JAKARTA, KOMPAS.com - Ketua Komisi Nasional Hak Asasi Manusia (Komnas HAM) Ahmad Taufan Damanik menegaskan bahwa pihaknya mendorong penyelesaian kasus pelanggaran berat HAM masa lalu melalui mekanisme yudisial atau proses pengadilan.
Pasalnya saat ini belum ada mekanisme non-yudisial yang dapat digunakan untuk menuntaskan kasus pelanggaran HAM masa lalu.

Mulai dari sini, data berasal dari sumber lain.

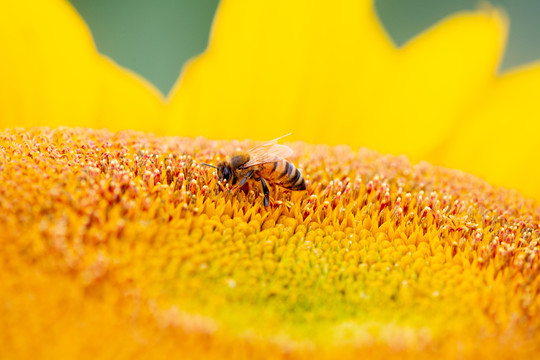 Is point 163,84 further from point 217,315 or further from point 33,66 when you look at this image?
point 217,315

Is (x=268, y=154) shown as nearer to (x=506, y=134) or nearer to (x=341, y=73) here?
(x=341, y=73)

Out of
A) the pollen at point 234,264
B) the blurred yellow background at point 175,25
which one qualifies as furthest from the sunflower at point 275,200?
the blurred yellow background at point 175,25

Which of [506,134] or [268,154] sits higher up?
Result: [506,134]

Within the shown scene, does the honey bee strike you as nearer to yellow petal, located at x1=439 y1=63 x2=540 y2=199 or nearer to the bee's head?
the bee's head

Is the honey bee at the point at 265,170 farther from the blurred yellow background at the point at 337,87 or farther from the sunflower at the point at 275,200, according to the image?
the blurred yellow background at the point at 337,87

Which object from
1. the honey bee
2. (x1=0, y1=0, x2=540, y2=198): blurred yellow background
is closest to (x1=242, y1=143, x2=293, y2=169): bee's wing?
the honey bee

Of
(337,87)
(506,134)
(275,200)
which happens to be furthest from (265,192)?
(506,134) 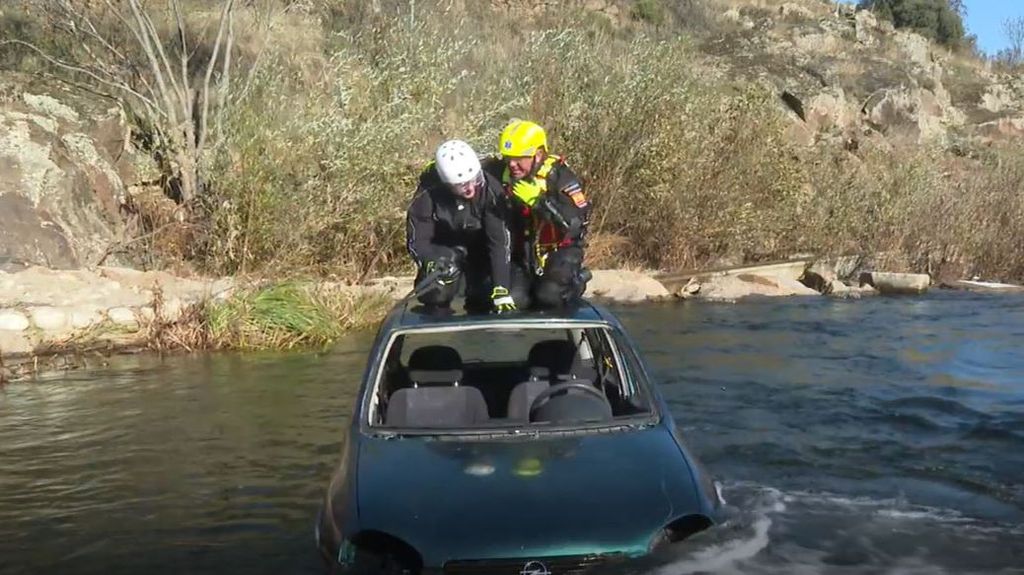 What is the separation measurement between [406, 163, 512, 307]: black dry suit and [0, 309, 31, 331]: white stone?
23.8 ft

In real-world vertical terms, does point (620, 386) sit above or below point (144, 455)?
above

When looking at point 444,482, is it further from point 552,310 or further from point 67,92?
point 67,92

Seperti diketahui, Mahkamah Konstitusi (MK) telah membatalkan Undang-Undang tentang Komisi Kebenaran dan Rekonsiliasi (KKR).
"Maka, jalan satu-satunya penyelesaian adalah melalui mekanisme yudisial," kata Damanik saat menggelar konferensi pers di kawasan Cikini, Jakarta Pusat, Jumat (19/10/2018).
Baca juga: Menurut Kontras, Ada 4 Alasan HAM Bukan Prioritas Pemerintahan Jokowi
Secara terpisah, Komisioner Komnas HAM Hairansyah mengatakan, upaya penuntasan kasus pelanggaran HAM masa lalu harus diselesaikan sesuai koridor dalam Undang-Undang Nomor 26 Tahun 2000 tentang Pengadilan HAM.
Sebab dengan penuntasan kasus melalui pengadilan, pemerintah dapat memberikan kepastian hukum kepada korban maupun keluarganya.
"Kami bersikap, kami tidak ingin mengambil peran kalau itu di luar ketentuan UU Pengadilan HAM. Bahwa pemerintah ingin menyelesaikan kasus secara non yudisial silakan tapi proses kita di yudisialnya, karena itulah proses yang akan memberikan kepastian hukum," ujar Hairansyah.
Ia pun menegaskan bahwa Komnas HAM tak sepakat jika penyelesaian kasus HAM masa lalu menggunakan mekanisme di luar koridor UU Pengadilan HAM.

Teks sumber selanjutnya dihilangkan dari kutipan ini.